In the third temptation, Jesus resists the suggestion of trying to coerce divine intervention to protect him from his own reckless actions. Later in this same chapter, we find him actually doing something like that when he denounces leaders in his own hometown, leading them to try to throw him off a cliff. But, here, it is a matter of whether he will make his own rescue an end in itself—whether he will seek to show that he is invulnerable to physical injury and death. It is a question of whether he will be bound by his need for safety and security. And Jesus says, “no.”
But it is the middle temptation, I think, that cuts to the heart of the matter. In his second temptation, Jesus is shown all the kingdoms of the world and asked if he would rule them. This one is key to the story of Jesus, because Jesus in the gospels is announced as the “Christ,” the anointed one, and the “anointed” one is what you would call someone who has the authority to reign. As the “anointed one,” Jesus is supposed to be the one who will finally bring all the nations into the commonwealth of God. It would seem here that the tempter is offering him precisely what his goal is, or should be.
But Jesus knows that it isn’t that simple. He knows that the way he will reign is not by means of the same kind of coercive power by which states and governments keep their people in order. Make no mistake, Jesus embraces the role of “Messiah,” and to be a messiah is to be a political force that will challenge the authority of the empire, but the force of Jesus does not take the form of the strong force of armies, or of coalitions or parties that seek to gain control of legislatures and parliaments. This strong force, this force of militarism and statecraft, the force that we often think is the most powerful thing in the world, is precisely the force that is offered to Jesus by the tempter. It is the force that seems inevitable. It is the force that seems to be required to get anything done, even something good, or great.
But this kind of power is also the force that the great twentieth-century theologian Karl Barth said is “evil,” because it is not subordinated or put to work in the service of love. Force without love is the force of the Roman empire, which achieves a lot by expanding its territory by constantly waging warfare and by gobbling up resources and people. And it is just this kind of force that Jesus refuses to acknowledge as ultimate.
Let’s be clear, though: by not worshipping the tempter, by not bowing the knee to the lie that says imperial power is the only real power there is, by resisting and refusing the ideology of the ruling powers, Jesus is already fated to be crushed by those ruling powers. Saying “no” here in the wilderness already sets him on a path that leads to the cross. But here is the thing: Jesus knows that this is his path. Jesus begins his ministry with these temptations, he begins his own Lenten journey, as it were, already headed toward Jerusalem, not to reign in the strong power of Caesar, but to make manifest a different kind of power altogether. It is what philosopher John Caputo calls “weak power,” what Paul in 1 Corinthians calls “the power made perfect in weakness.” It is the power of insistent love.
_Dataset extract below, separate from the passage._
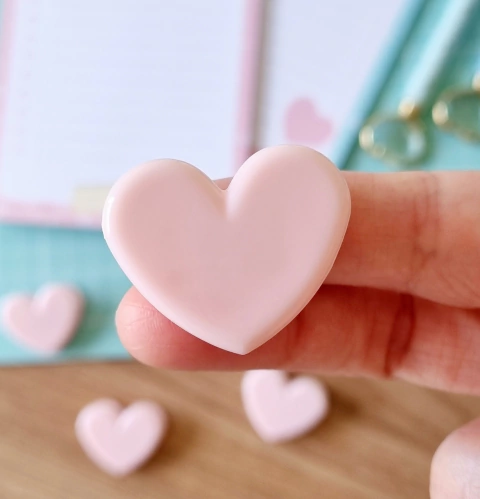 Clips Coração Rosa - 8 Unidades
What is this, if not the gospel in a nutshell? Our own anxieties to control our lives, anxieties that so often tempt us to try and control others, that get amplified in our collective lives together and lead to wars, and oppression, to misunderstandings and to brutalities, to massive inequities and to concentrations of resources in the hands of the few, to apathy toward others as we seal ourselves off in our secure neighborhoods and enclaves, all of these anxieties fail to have ultimate power over us. Jesus freed himself from them in those forty days in the wilderness, and as we are joined with him, we are freed from them, too.  
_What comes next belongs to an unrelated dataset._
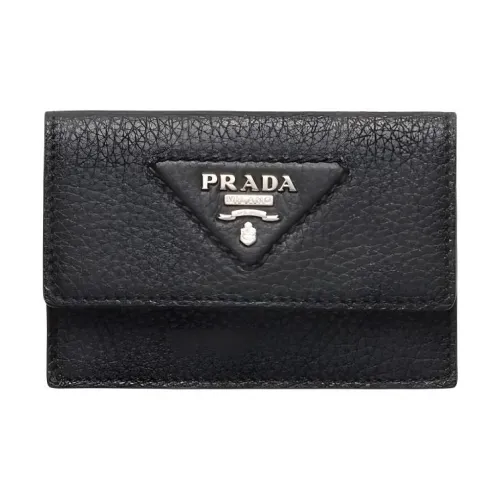 PRADA Saffiano кожаный кошелек для карт мужской черный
We often think of Lent as a time for curbing our appetites, of reigning in our desires, maybe even giving up something that we enjoy or value. These things are part of what Lent has meant to Christians over the centuries, to be sure, but there is something deeper, a more joyful possibility that is made real during these forty days. The good news is that Jesus unites us to himself, and that means that he unites us in his own resistance to the inevitability of those forces that crush love and justice. Lent is time for us to practice the joyful “no”-saying that union with Christ makes possible for us.
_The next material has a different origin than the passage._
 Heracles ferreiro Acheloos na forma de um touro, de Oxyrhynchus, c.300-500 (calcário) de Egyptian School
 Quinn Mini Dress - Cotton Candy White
But it’s important to understand that “just saying no” in Lent isn’t just negative. It also means saying “yes” to God. Saying “no” to the strong forces of power is also saying “yes” to the weak force of love. And we can do that in very practical ways. We can add practices to our lives during these weeks. We can learn more about prayer, and we can try on new habits of prayer. Prayer, by the way, is weak because, by its nature, it does not try to control and manage—rather, it teaches us to give our lives, with their burdens and cares, into the hands of God we are learning how to trust. We can practice contemplative reading. We can mediate. We can engage in various kinds of service. All of these are types of activity that are unproductive. They are all ways to resist the temptation to cram our lives with accomplishment and useable value. They are also ways to say, “Yes, God, these sacred symbols and stories, these promises of Scripture, these calls to love our neighbor as ourselves, are valuable to me, even if they do not produce tangible results.” They are ways of interrupting our ordinary routines and obligations and general busy-ness with moments of recognition that we are not in control, that we are embarked on a joyful adventure of faith.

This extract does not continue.